=== PROVIDED MATERIAL ===

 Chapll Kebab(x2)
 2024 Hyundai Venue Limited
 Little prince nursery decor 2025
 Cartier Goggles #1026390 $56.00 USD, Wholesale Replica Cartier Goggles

===

Line by line, transcribe the material above exactly.

 Chapll Kebab(x2)
 2024 Hyundai Venue Limited
 Little prince nursery decor 2025
 Cartier Goggles #1026390 $56.00 USD, Wholesale Replica Cartier Goggles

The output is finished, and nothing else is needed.